The volume of shipping litigation in Germany has declined and, in response, legal firms have widened their scope of activity.

Lawyers are handling less core shipping business and focusing more on areas such as insurance, trade and IT issues.

Various reasons lie behind the changes. The resolution of cases stemming from the scramble for newbuildings during the shipping boom have played their part, as has the demise of the KG (limited partnership) financing system that inspired many of those orders.

Cancelled contracts

“We used to have big, ongoing cases for years out of cancelled shipbuilding contracts which owners had placed in China,” one Hamburg-based lawyer says.

But today, many of those cancelled yard contracts have been litigated out.

“There are only very few cases I have heard of [recently] where there are serious problems with shipbuilding contracts and these will not lead to cancellation but rather claims about penalties,” the lawyer says.

However, litigation linked to financing is still an important source of work and more likely nowadays than problems arising from casualties or charterparties.

Fallout from the demise of the KG system saw some law firms handling dozens of cases. One German law firm tells TradeWinds it was involved in around 100 but most have now been settled

A lot of past legal disputes involved damages claims under shipmanagement agreements where often struggling KG companies sued their managers. Some are still ongoing but the number of sizeable cases has declined as time passed.

KG fallout

Fallout from the demise of the KG system saw some law firms handling dozens of cases.
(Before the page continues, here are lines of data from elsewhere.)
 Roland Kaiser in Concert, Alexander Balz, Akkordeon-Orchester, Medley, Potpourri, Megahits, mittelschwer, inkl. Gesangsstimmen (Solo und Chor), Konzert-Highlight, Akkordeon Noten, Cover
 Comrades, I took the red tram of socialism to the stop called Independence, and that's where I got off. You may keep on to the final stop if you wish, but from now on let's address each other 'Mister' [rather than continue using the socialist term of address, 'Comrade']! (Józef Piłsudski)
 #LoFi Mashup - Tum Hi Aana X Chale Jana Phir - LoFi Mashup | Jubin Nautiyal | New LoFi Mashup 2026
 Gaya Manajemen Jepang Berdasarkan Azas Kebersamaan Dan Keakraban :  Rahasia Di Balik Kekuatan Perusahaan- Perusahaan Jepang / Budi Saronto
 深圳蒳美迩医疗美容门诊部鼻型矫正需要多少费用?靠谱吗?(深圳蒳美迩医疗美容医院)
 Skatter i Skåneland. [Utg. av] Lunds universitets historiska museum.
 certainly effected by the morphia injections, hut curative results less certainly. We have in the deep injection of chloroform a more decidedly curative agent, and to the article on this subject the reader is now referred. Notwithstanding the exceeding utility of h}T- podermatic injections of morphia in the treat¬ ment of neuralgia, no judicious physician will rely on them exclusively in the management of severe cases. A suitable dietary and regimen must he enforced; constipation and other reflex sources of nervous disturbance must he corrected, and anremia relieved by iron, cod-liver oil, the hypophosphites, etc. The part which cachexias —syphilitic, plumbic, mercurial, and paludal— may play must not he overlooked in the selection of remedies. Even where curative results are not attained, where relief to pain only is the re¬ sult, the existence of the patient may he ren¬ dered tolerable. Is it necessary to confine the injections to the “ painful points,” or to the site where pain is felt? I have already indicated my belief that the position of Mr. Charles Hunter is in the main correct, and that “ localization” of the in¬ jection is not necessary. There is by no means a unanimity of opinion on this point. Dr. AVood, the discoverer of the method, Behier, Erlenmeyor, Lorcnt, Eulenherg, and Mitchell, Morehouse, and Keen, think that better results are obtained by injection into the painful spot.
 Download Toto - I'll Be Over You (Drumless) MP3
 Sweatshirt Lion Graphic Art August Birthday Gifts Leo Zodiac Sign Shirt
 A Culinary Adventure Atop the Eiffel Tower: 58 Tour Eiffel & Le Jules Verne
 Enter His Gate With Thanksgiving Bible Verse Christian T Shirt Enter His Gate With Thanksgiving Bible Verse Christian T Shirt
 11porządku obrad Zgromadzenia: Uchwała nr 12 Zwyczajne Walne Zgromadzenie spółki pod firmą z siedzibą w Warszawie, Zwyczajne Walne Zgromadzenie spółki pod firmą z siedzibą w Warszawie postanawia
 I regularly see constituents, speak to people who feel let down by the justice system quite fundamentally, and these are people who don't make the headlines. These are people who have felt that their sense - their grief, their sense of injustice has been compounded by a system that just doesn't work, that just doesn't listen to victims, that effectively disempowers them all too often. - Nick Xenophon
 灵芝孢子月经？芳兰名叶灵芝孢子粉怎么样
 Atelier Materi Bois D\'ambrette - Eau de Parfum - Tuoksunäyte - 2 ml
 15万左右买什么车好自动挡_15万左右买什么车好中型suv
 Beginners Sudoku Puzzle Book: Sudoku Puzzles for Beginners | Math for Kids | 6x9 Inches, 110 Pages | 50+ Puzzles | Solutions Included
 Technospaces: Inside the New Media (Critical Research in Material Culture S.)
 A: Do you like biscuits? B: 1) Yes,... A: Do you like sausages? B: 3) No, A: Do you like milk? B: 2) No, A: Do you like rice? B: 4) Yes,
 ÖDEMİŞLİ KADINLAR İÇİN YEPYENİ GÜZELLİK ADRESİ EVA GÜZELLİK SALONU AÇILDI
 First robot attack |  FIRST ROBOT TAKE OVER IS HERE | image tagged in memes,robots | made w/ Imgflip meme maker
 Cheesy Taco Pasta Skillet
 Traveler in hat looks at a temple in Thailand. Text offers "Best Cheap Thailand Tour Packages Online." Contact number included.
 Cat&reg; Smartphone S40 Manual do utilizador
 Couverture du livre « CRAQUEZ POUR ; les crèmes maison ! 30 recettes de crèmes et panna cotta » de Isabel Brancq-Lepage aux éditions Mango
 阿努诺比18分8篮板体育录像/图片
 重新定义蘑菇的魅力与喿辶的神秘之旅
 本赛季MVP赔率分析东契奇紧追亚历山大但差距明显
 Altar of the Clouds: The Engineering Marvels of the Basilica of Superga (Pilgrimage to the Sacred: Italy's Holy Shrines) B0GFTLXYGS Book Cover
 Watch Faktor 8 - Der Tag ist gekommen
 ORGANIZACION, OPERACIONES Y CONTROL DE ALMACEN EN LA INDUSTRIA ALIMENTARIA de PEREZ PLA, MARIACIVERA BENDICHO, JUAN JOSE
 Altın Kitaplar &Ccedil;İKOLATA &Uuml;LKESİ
One German law firm tells TradeWinds it was involved in around 100 but most have now been settled.

Since 2007, hundreds of single-ship funds have been declared insolvent. At its height, some 440,000 investors were shareholders in projects that benefited from the tonnage tax and, at the time, high charter rates.

The generally held opinion is that the KG financing system — which at one point funded one-third of the world’s containerships — is dead in its old public form whereby the famous doctors and dentists were asked to subscribe maybe €20,000 or €100,000 for a stake in individual vessels.

Meanwhile, cargo claims normally only find their way to German law offices when the protection and indemnity clubs are unable to resolve disputes. Although they form one of the largest categories of P&I claims, by both volume and value, such cases are normally sorted quickly.

P&I claims

P&I issues that end up being litigated typically involve big claims related to offshore energy, such as damage by vessels to installations.

But what has been growing for German lawyers is a shift towards short-term contractual advisory work, often where urgently needed advice has to be given within 24 or 48 hours.

Often this can involve management contracts, shipyards, ship suppliers and shipowners.